Demographics Reference
A quota group's demographics object (consumer, social, and patient models) is free-form: each key-value pair is passed through to the model verbatim. The API validates only that keys and values are strings — it does not enforce a fixed set. The table below is the recommended vocabulary the models were tuned on; using these keys and values gives the most reliable results.

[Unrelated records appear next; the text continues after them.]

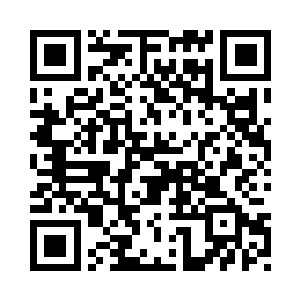 看你一人如何抵敌我一群人的智慧二维码生成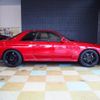 nissan skyline-gt-r 1992 quick_quick_E-BNR32_BNR32-222292 image 4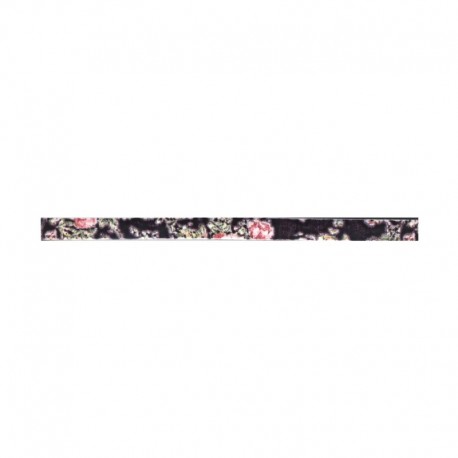 Simili fleurs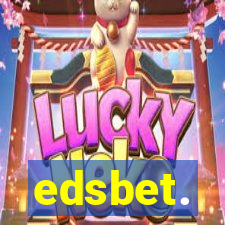 edsbet.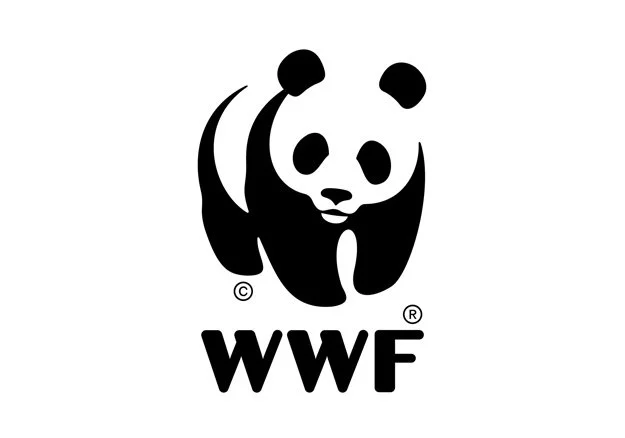 World Wide Fund for Nature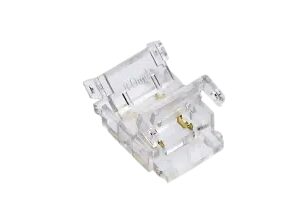 NSL ST-10MM-B2BC Standard tape splice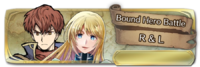 Banner feh bhb raven lucius.png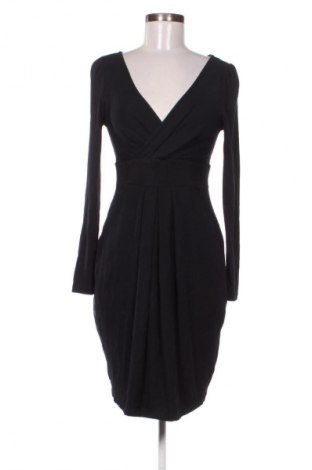 Šaty  Guess By Marciano, Velikost M, Barva Černá, Cena  5 094,00 Kč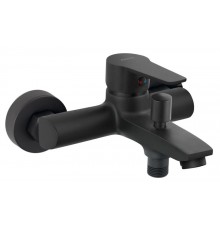 MIXER BATH FERRO RENNTO BNT1BL. BLACK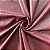 COURO SUEDE | MARSALA - Imagem 1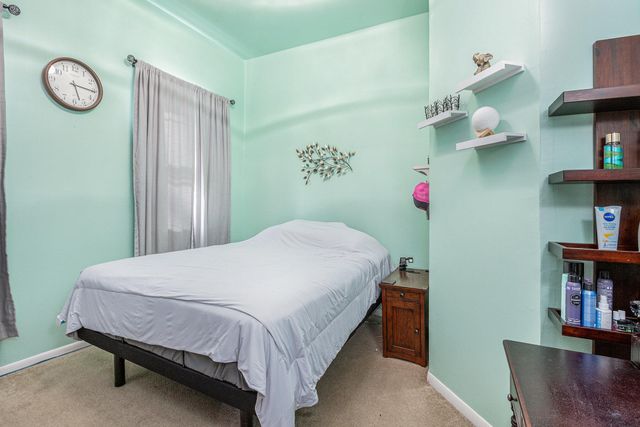439 Vine Street, Hammond, IN 46324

| Key | Recommended values |
|---|---|
gender | Male, Female |
age | 18-24, 25-34, 35-44, 45-54, 55-64, 65-74, 75+ |
income | Under $10k, $10k-15k, $15k-20k, $20k-25k, $25k-30k, $30k-35k, $35k-40k, $40k-45k, $45k-50k, $50k-60k, $60k-75k, $75k-100k, $100k-125k, $125k-150k, $150k-200k, $200k+ |
location | Urban, Suburban, Rural |
race_ethnicity | White, Black/African American, American Indian/Alaska Native, Asian, Native Hawaiian/Pacific Islander, Other, Multiracial, Hispanic/Latino |
education | Some High School or Less, High School Graduate, Some College, College Graduate, Post-Graduate Degree |
employment | Not in Labor Force, Employed, Unemployed |
children | No, Yes |
political | Democrat, Republican, Libertarian, Green Party, Other |
marital_status | Married, Not Married |
For the patient model only, the special key "Patient Condition" conditions the cell on a diagnosis (see Create).
Supported Specialties
For the hcp model, a quota group's medical_specialty must exactly match one of these 20 values:
Allied Health & Other Medical Professionals | Neurology & Neurosurgery |
Anesthesiology & Pain Management | Nursing & Advanced Practice Providers |
Cardiology & Cardiovascular | Oncology & Hematology |
Dermatology & Skin Conditions | Pathology & Laboratory Medicine |
Emergency & Critical Care | Pediatrics & Child Health |
Endocrinology & Diabetes | Primary Care & General Practice |
Eye & Vision Care | Pulmonology & Respiratory Medicine |
Gastroenterology & Digestive Health | Radiology & Medical Imaging |
Internal Medicine Subspecialties | Surgical Specialties |
Mental Health & Psychiatry | Women's Health & Reproductive Medicine |
Versioning
The current API version is v1, reflected in the URL path (/api/v1). Backwards-incompatible changes ship under a new version prefix; additive changes (new optional request fields, new response fields) may appear within v1, so clients should ignore unrecognized response fields. Unrecognized request fields — and fields that are recognized but not applicable to the chosen model_type (e.g. context or demographics sent to the hcp model, or medical_specialty sent to a non-HCP model) — are rejected with a validation_error.